Based on these words, Flow is gentrification as a service: a way for the technorati to rent cushy spaces in lower-cost parts of the country and build community with each other without having to engage with the people who are already there. It’s not a stretch to see what the racial and socioeconomic dynamics might be here, and the effect it might have on local economies. Low-cost housing for people who need it this is not.
“Our nation has a housing crisis,” Andreessen says. But he also said this, as reported by Jerusalem Demsas over in the Atlantic:
I am writing this letter to communicate our IMMENSE objection to the creation of multifamily overlay zones in Atherton … Please IMMEDIATELY REMOVE all multifamily overlay zoning projects from the Housing Element which will be submitted to the state in July. They will MASSIVELY decrease our home values, the quality of life of ourselves and our neighbors and IMMENSELY increase the noise pollution and traffic.
He doesn’t care about the housing crisis.

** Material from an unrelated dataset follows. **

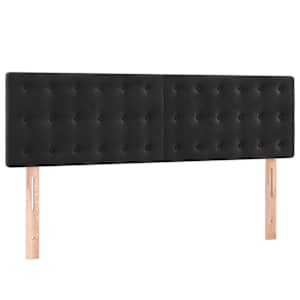 Čela postele 2 ks černá 72 x 5 x 78/88 cm samet - obrázek 2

What he does care about is making money, and in Neumann, he likely sees someone who already knows the real estate market well and has the ability to grow a business in the space very quickly. I’m sure we’ll see Flow communities all over the country within the next few years.
Where will he start? We can look at public records. The New York Times points out that he’s now going to donate substantial real estate holdings to Flow. Back in January, the Wall Street Journal reported that he’d bought over a billion dollars of apartments in the South:
Entities tied to Mr. Neumann have been quietly acquiring majority stakes in more than 4,000 apartments valued at more than $1 billion in Miami, Atlanta, Nashville, Tenn., Fort Lauderdale, Fla., and other U.S. cities.
Quoted in the same article, his family office made this statement:
“Since the spring of 2020, we have been excited about multifamily apartment living in vibrant cities where a new generation of young people increasingly are choosing to live, the kind of cities that are redefining the future of living. We’re excited to play a role in that future.”
None of this dissuades me from my original suspicion: this is a place to live for the people who WeWork was originally built for. It’s for young, affluent knowledge workers who want to live somewhere cheaper but don’t care to actually know their communities. It’ll transform residential real estate in the sense that it’ll out-compete all those cookie cutter apartment buildings set up for that same market.
Andreessen is likely to make a fortune.
And what about the actual housing crisis? The one that’s making people housing-insecure?
At best it does nothing for them. At worst, it helps hike up rents in parts of the country that remain affordable. Those people, the ordinary people who make up most of the country, who are struggling to keep a roof over the heads, don’t even make it into the pitch deck.